Action item:
Look for the word "Copa". Copy every line of the listing where it occurs.

Provided records:
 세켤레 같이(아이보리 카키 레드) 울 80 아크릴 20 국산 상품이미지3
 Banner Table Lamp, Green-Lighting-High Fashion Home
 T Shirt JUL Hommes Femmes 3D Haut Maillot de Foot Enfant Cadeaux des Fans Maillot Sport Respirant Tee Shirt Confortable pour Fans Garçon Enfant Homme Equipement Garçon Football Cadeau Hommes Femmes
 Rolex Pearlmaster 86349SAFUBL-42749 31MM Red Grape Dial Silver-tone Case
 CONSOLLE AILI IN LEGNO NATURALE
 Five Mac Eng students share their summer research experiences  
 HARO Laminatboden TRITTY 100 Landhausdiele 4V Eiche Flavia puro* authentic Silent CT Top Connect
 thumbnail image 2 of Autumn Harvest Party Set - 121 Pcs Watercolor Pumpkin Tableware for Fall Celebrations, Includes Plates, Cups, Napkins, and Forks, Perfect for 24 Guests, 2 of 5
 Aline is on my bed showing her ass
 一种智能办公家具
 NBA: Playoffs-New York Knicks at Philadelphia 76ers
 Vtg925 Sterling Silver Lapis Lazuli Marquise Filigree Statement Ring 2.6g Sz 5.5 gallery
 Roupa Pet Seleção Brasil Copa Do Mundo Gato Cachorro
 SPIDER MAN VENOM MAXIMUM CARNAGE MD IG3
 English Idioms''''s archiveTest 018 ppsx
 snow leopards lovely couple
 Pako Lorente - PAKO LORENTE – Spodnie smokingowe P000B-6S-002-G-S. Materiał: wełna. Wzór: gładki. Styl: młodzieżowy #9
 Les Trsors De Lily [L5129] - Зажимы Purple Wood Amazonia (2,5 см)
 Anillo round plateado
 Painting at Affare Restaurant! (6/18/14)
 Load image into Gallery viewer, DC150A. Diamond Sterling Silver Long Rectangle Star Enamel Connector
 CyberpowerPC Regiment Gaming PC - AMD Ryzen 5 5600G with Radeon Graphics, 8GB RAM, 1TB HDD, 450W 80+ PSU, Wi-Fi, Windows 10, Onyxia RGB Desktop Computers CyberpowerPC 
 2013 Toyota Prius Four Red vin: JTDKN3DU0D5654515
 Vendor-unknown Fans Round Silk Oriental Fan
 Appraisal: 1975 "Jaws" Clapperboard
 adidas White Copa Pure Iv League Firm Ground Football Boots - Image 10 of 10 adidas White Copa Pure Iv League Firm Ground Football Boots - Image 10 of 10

Solution for this task:
 Roupa Pet Seleção Brasil Copa Do Mundo Gato Cachorro
 adidas White Copa Pure Iv League Firm Ground Football Boots - Image 10 of 10 adidas White Copa Pure Iv League Firm Ground Football Boots - Image 10 of 10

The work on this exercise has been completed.